Trace DFS by hand on small graphs, maintaining a stack of vertices to visit. Observe how DFS discovers edges as tree edges, back edges, and cross edges in directed graphs.
Think of DFS as exploring a maze using the rule "always go as deep as you can before turning back." You enter a corridor, keep walking forward into new corridors, and only backtrack when you hit a dead end — then you return to the last junction you hadn't fully explored. This explore-deep-first strategy is exactly what DFS implements on a graph. Starting from a source vertex, DFS visits an unvisited neighbor, then immediately recurses into *that* vertex's neighbors before returning. The call stack (or an explicit stack data structure) remembers where to backtrack.
From your prerequisite knowledge of graph theory, you know that a graph G = (V, E) consists of vertices and edges. DFS systematically marks each vertex as discovered when first visited and finished when all its neighbors have been explored. The edges DFS traverses form a DFS tree — a spanning substructure rooted at the source. Not all edges of the original graph end up in this tree, and classifying the non-tree edges is one of DFS's most powerful features. In a directed graph, an edge (u, v) is a back edge if v is an ancestor of u in the DFS tree (meaning there's a cycle), a forward edge if v is a descendant but not a child, or a cross edge otherwise.

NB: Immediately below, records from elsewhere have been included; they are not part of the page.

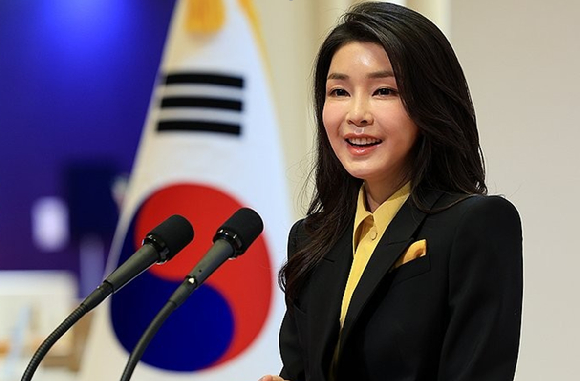 윤석열 전 대통령 배우자 김건희 여사가 제21대 대통령 선거일인 지난달 3일 서울 서초구 원명초등학교에 마련된 서초4동제3투표소에서 투표하기 위해 줄을 서고 있다. 2025.6.3 [사진=공동취재/연합뉴스]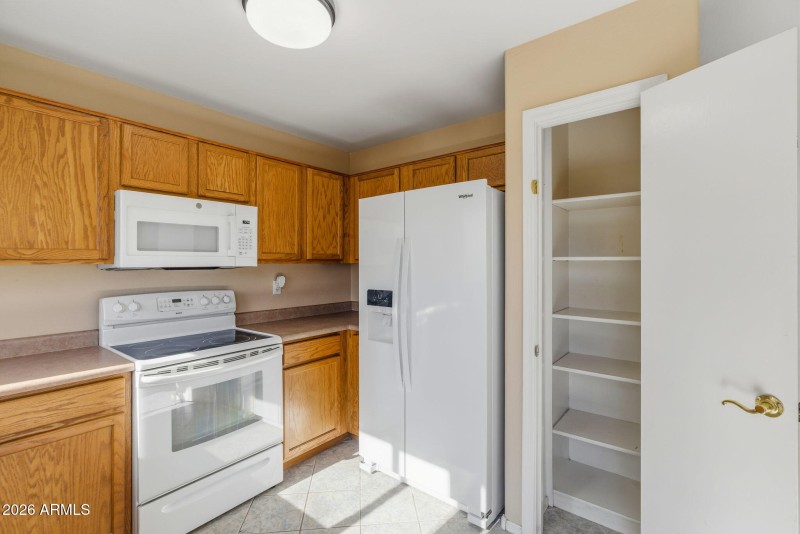 16-web-or-mls-16675 W Paradise Ln--14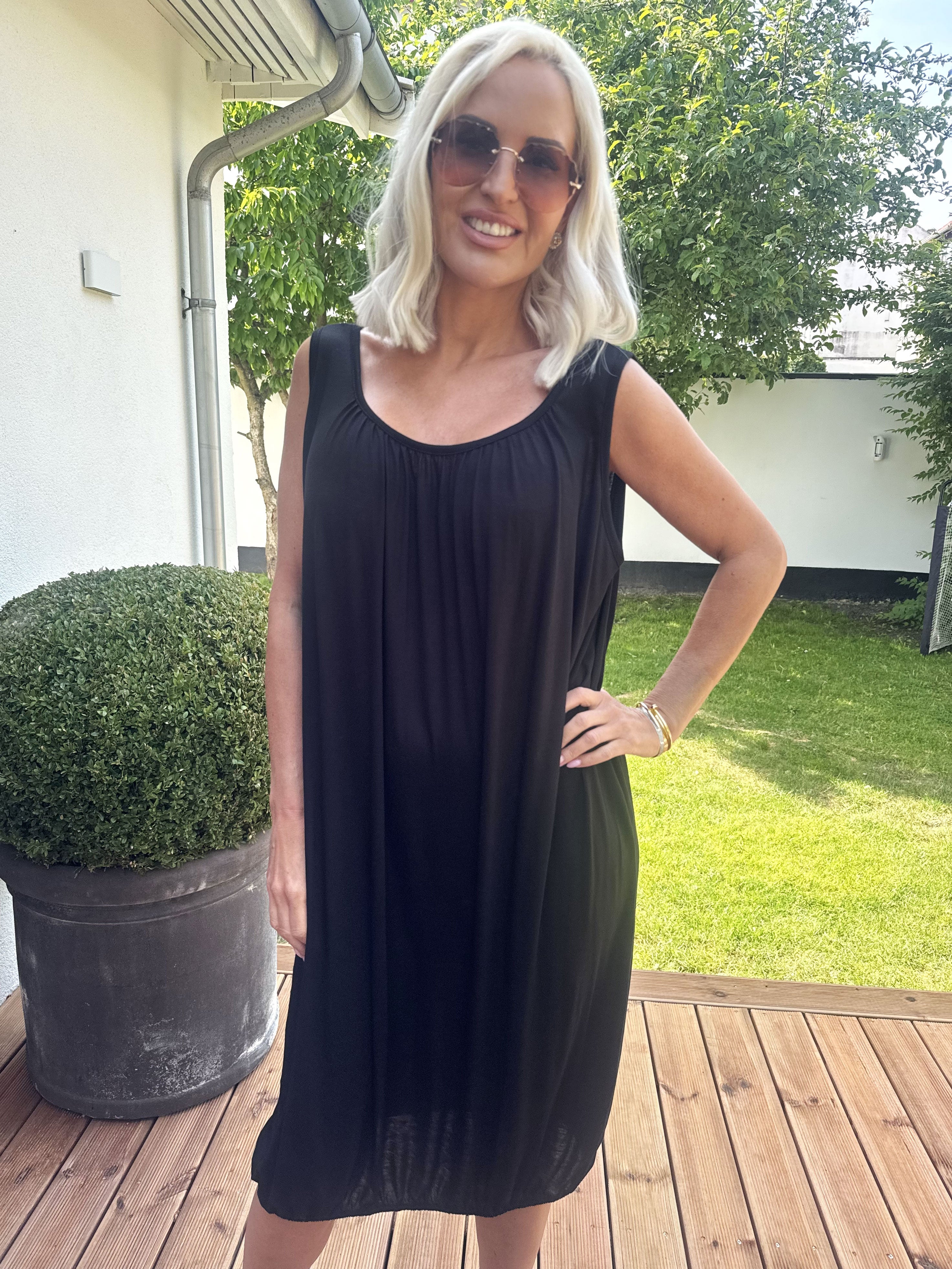 Miracle Sleeveless Dress - Basis kjole i viskose med elastik forneden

The runtime of O(V + E) follows naturally from the structure: each vertex is discovered and finished exactly once (contributing O(V)), and each edge is examined exactly once when DFS processes the vertex it leaves from (contributing O(E)). If you've seen Big-O notation, this is as good as it gets for graph traversal — you can't process a graph without at least touching every vertex and edge.

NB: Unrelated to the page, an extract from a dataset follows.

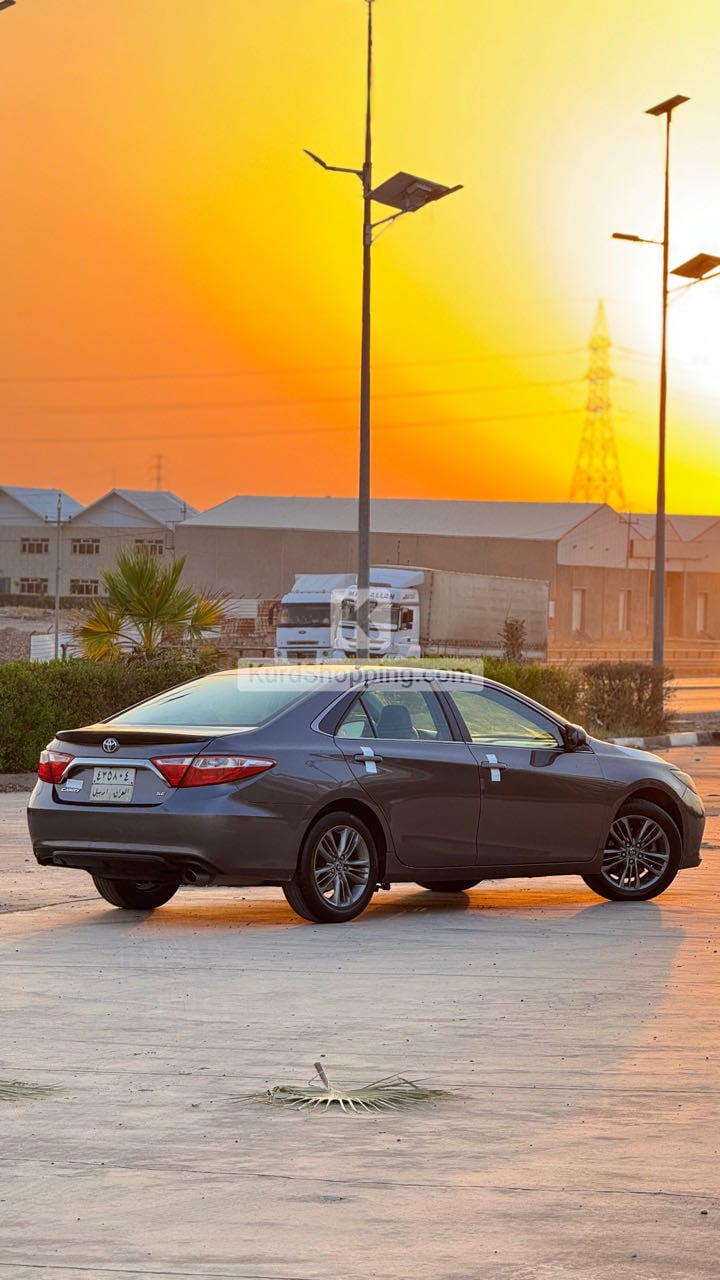 Toyota Camry 2016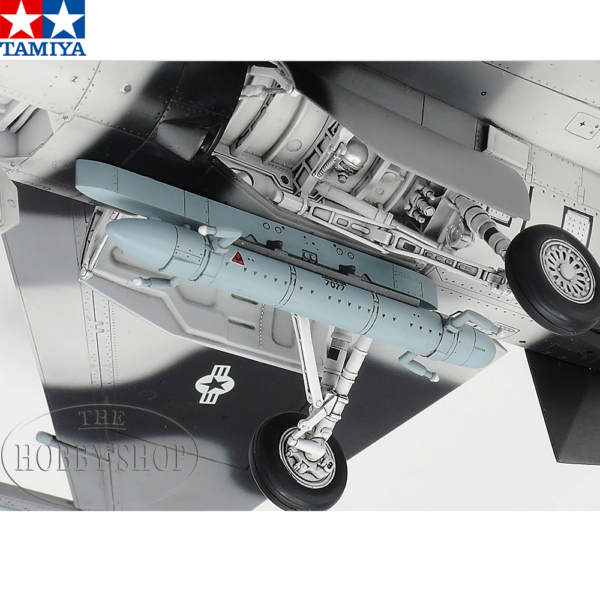 Tamiya 1/48 F-16CN Agressor Adversary Tamiya 1/48 F-16CN Agressor Adversary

The real power of DFS lies in what the discovery and finish times reveal. If you record a timestamp when each vertex is discovered and when it's finished, these intervals nest cleanly: if v is a descendant of u in the DFS tree, then u's discovery time < v's discovery time < v's finish time < u's finish time. This parenthesis structure is the engine behind topological sorting (process vertices in reverse finish order), cycle detection (a back edge exists if and only if a cycle exists), and finding strongly connected components. DFS is not just a traversal — it is a framework that, with small instrumentation changes, solves an entire family of graph problems.